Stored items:
□ □ □

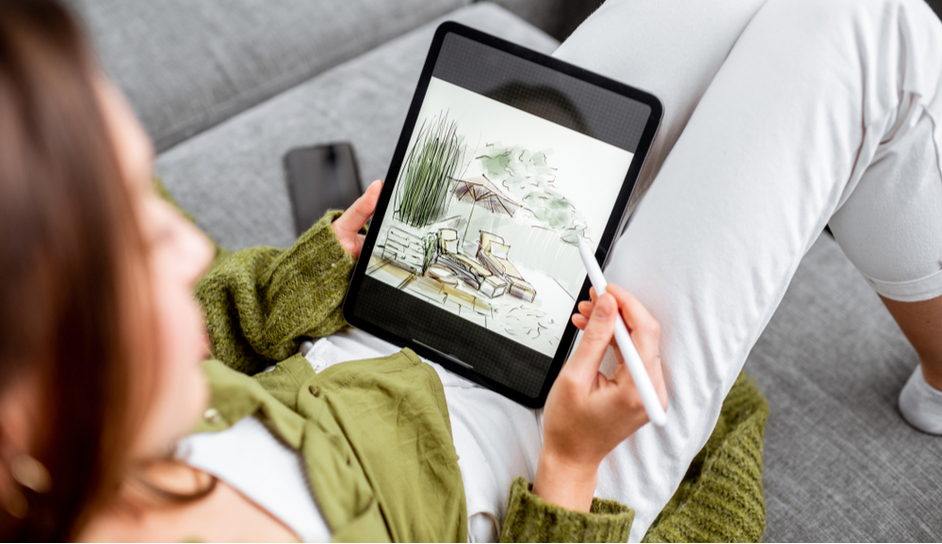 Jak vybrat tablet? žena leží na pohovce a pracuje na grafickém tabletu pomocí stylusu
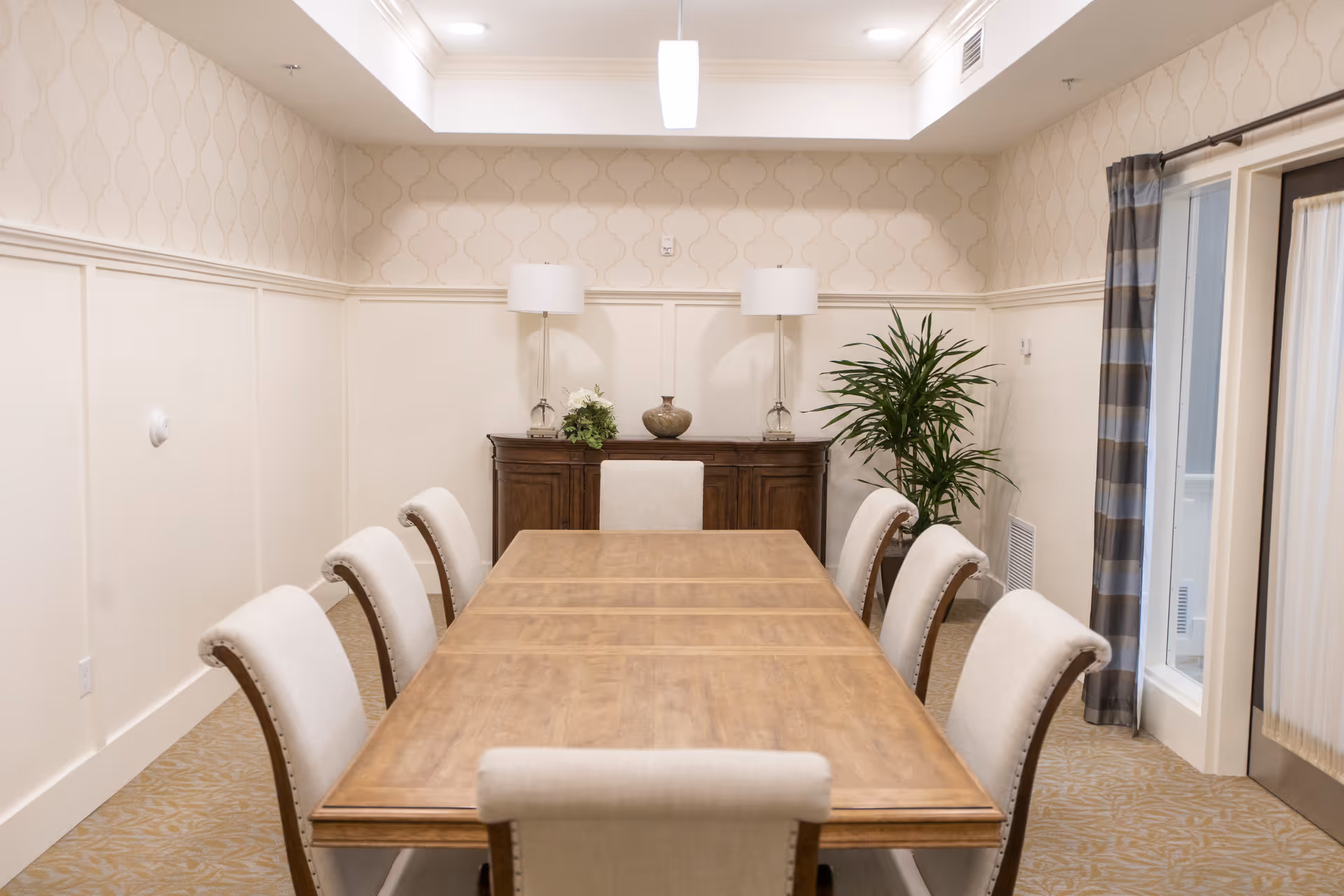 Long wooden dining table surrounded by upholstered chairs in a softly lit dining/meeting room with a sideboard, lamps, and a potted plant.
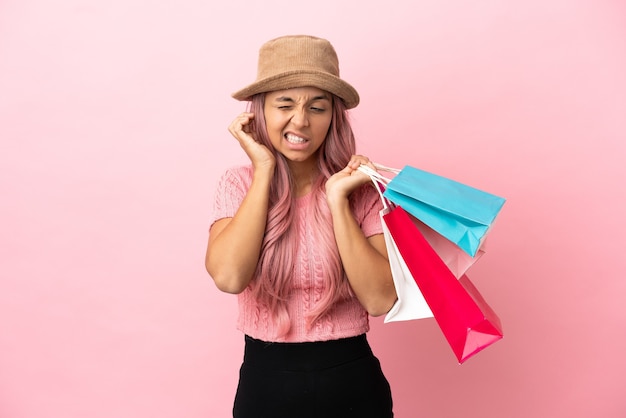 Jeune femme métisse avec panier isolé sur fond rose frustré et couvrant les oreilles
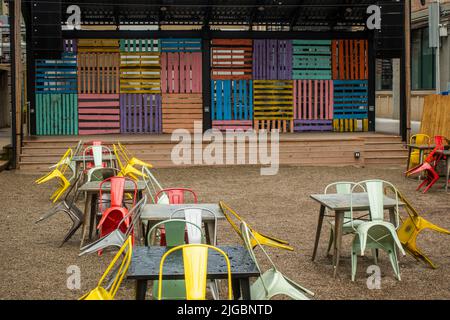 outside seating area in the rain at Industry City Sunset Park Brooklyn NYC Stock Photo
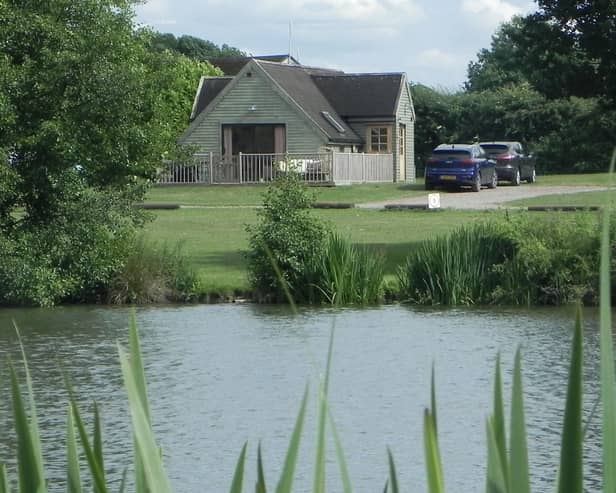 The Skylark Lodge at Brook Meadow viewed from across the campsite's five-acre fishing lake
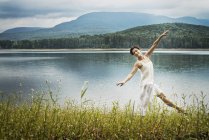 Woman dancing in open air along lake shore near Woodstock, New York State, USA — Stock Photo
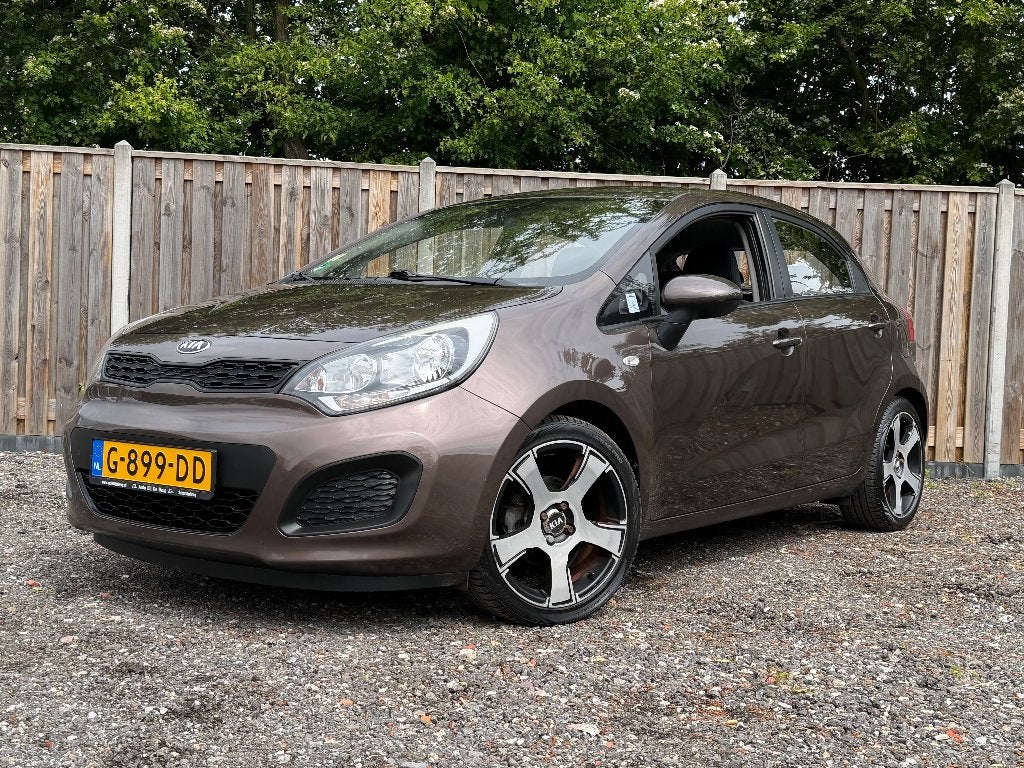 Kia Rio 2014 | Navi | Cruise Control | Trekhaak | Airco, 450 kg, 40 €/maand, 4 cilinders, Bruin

□ □ □

EXERCISE: Your copy of the entries above must be exact and must not include pictures.

RESPONSE BOX:
 Jak vybrat tablet? žena leží na pohovce a pracuje na grafickém tabletu pomocí stylusu
 Long wooden dining table surrounded by upholstered chairs in a softly lit dining/meeting room with a sideboard, lamps, and a potted plant.
 Jeune femme métisse avec panier isolé sur fond rose frustré et couvrant les oreilles
 outside seating area in the rain at Industry City Sunset Park Brooklyn NYC Stock Photo
 The Skylark Lodge at Brook Meadow viewed from across the campsite's five-acre fishing lake
 Woman dancing in open air along lake shore near Woodstock, New York State, USA — Stock Photo
 Kia Rio 2014 | Navi | Cruise Control | Trekhaak | Airco, 450 kg, 40 €/maand, 4 cilinders, Bruin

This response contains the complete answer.